> Supplied entries
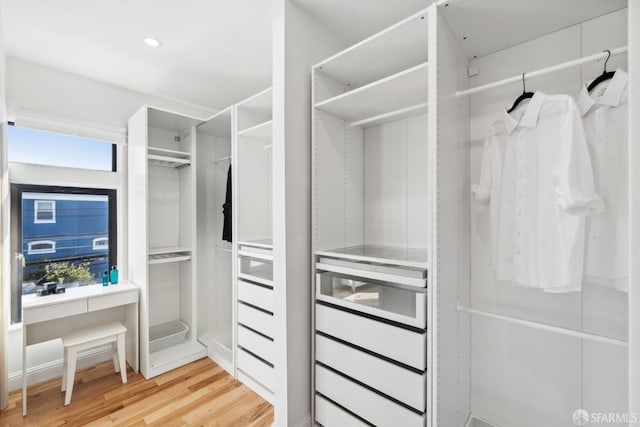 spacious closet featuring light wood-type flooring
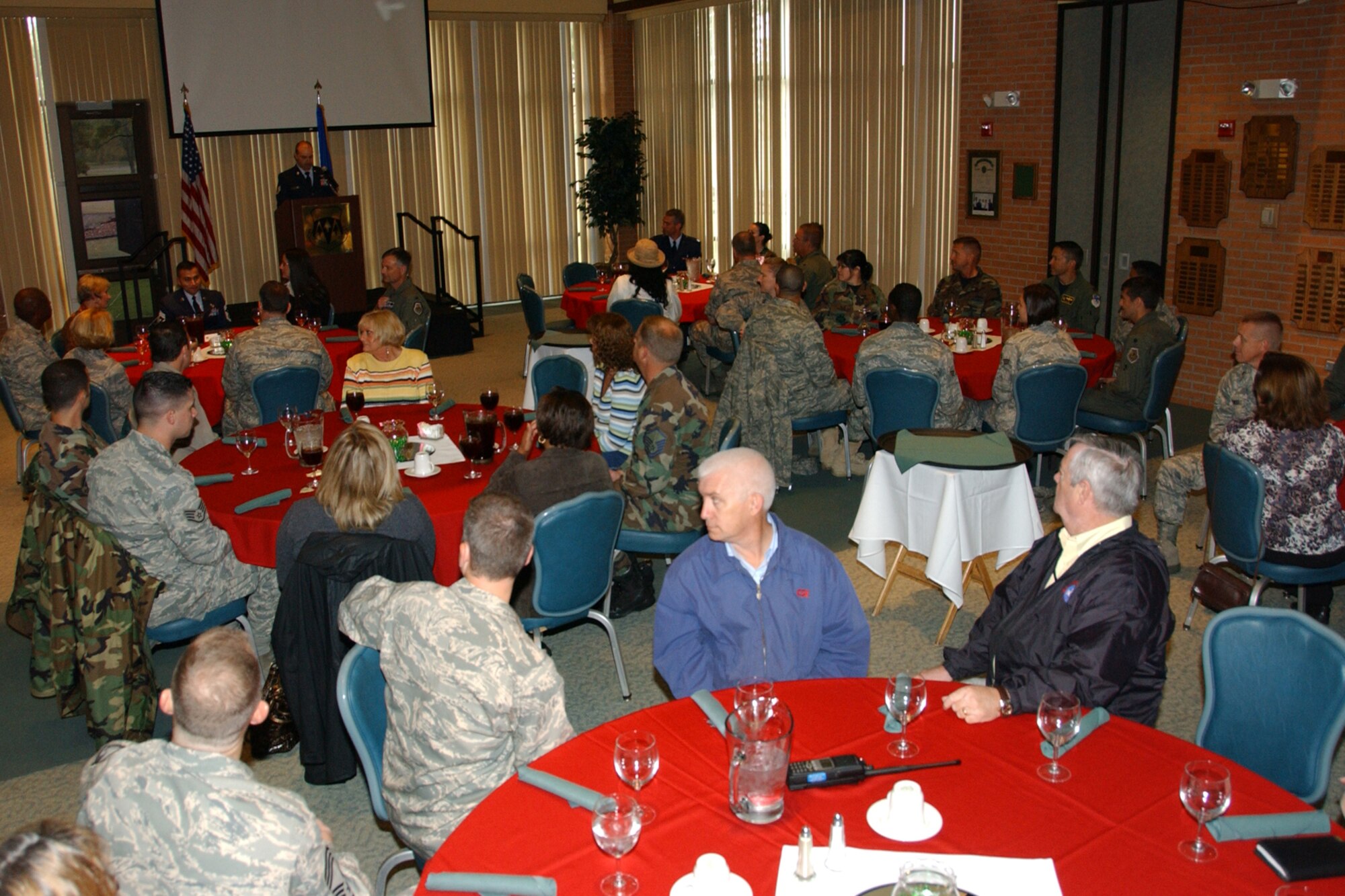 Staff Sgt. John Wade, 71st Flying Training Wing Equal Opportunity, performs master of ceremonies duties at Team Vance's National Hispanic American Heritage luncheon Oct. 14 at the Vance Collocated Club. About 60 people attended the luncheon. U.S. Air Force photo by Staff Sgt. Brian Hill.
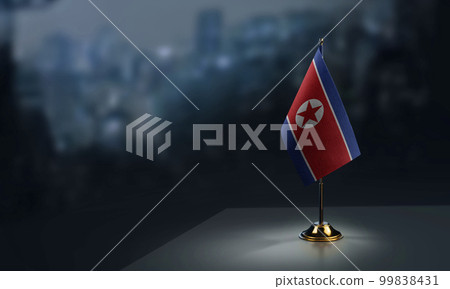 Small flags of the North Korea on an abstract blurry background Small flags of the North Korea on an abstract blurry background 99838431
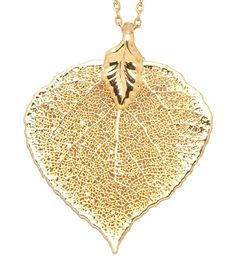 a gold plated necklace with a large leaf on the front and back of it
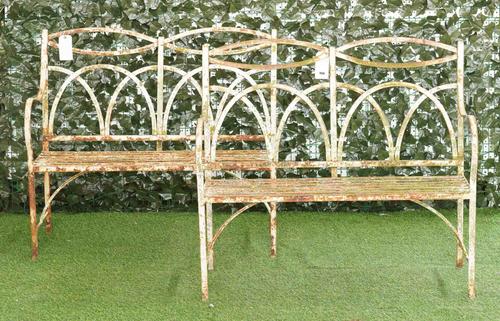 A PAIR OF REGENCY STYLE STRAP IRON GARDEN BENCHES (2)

---

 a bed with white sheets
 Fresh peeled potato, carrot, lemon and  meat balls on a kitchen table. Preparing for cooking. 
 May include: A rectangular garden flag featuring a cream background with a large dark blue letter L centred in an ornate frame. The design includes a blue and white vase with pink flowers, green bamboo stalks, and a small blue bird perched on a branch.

> Task to complete
Your answer should reproduce each line of the listing that holds the word "white".

> Exercise output
 a bed with white sheets
 May include: A rectangular garden flag featuring a cream background with a large dark blue letter L centred in an ornate frame. The design includes a blue and white vase with pink flowers, green bamboo stalks, and a small blue bird perched on a branch.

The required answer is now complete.